Beginning with the line that holds "Le Champ Du Petit Bois Bed & Breakfast" and finishing with the line that holds "Camiño De San Xurxo 3", repeat the listing exactly, leaving every picture out.

- Raw data

########

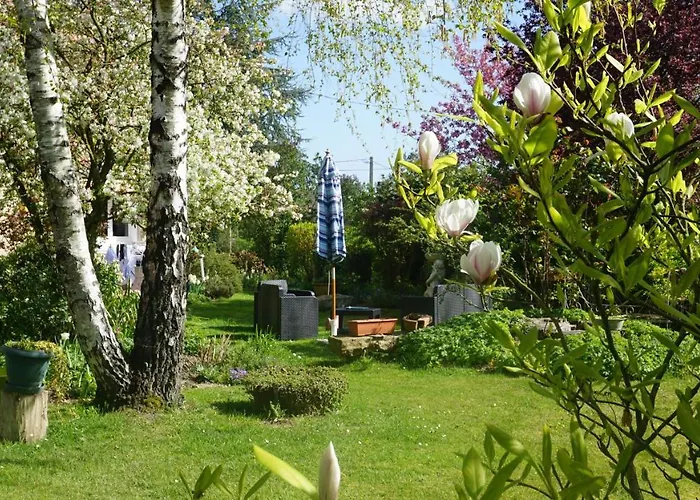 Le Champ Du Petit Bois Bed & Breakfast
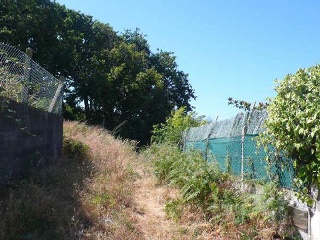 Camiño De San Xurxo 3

########

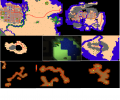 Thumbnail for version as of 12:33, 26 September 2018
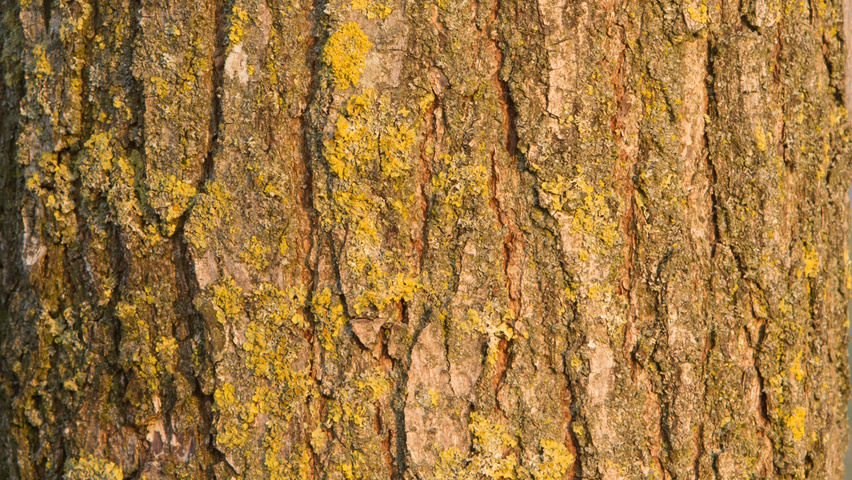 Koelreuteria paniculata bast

########

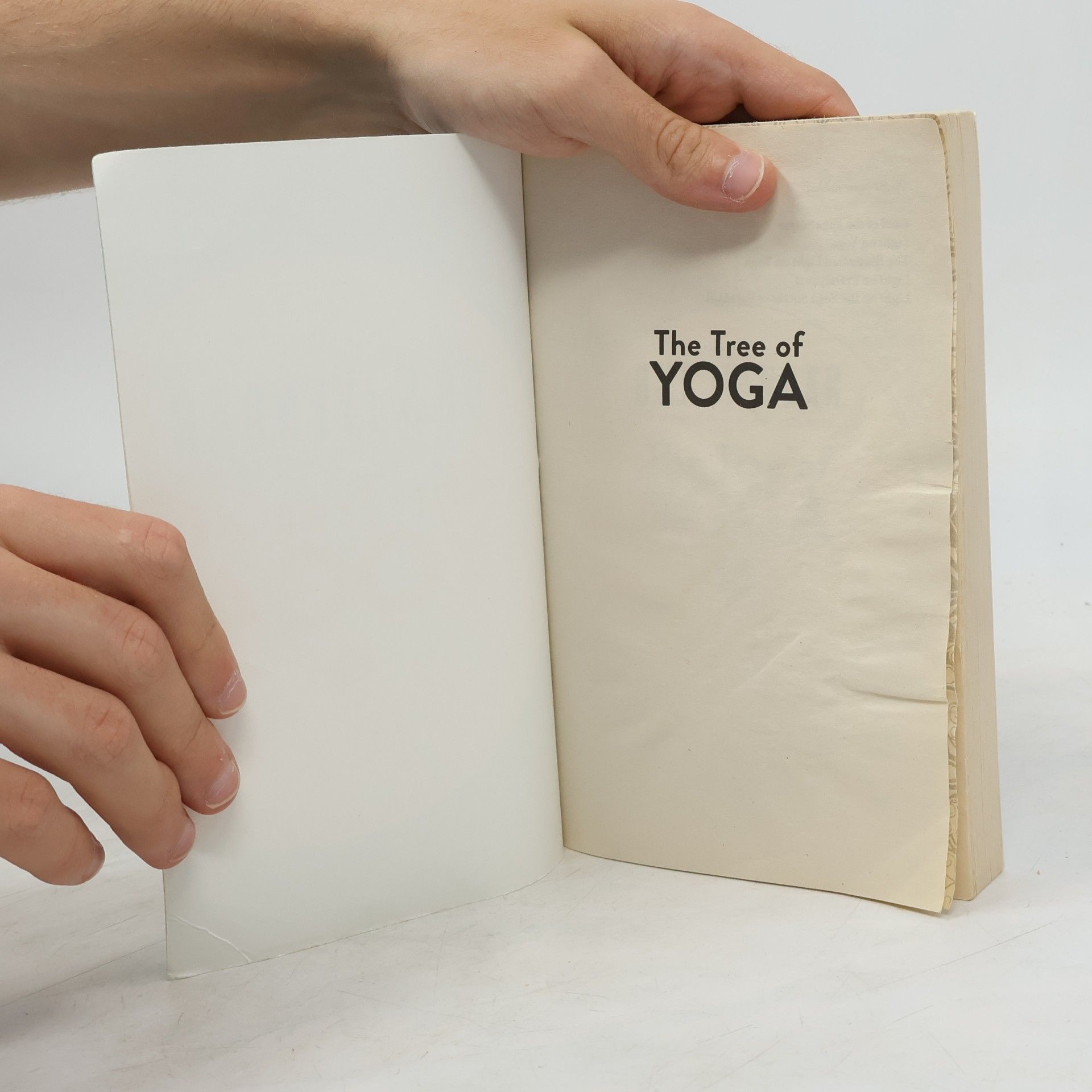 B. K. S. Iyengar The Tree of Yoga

########

- Answer area
 Le Champ Du Petit Bois Bed & Breakfast
 Camiño De San Xurxo 3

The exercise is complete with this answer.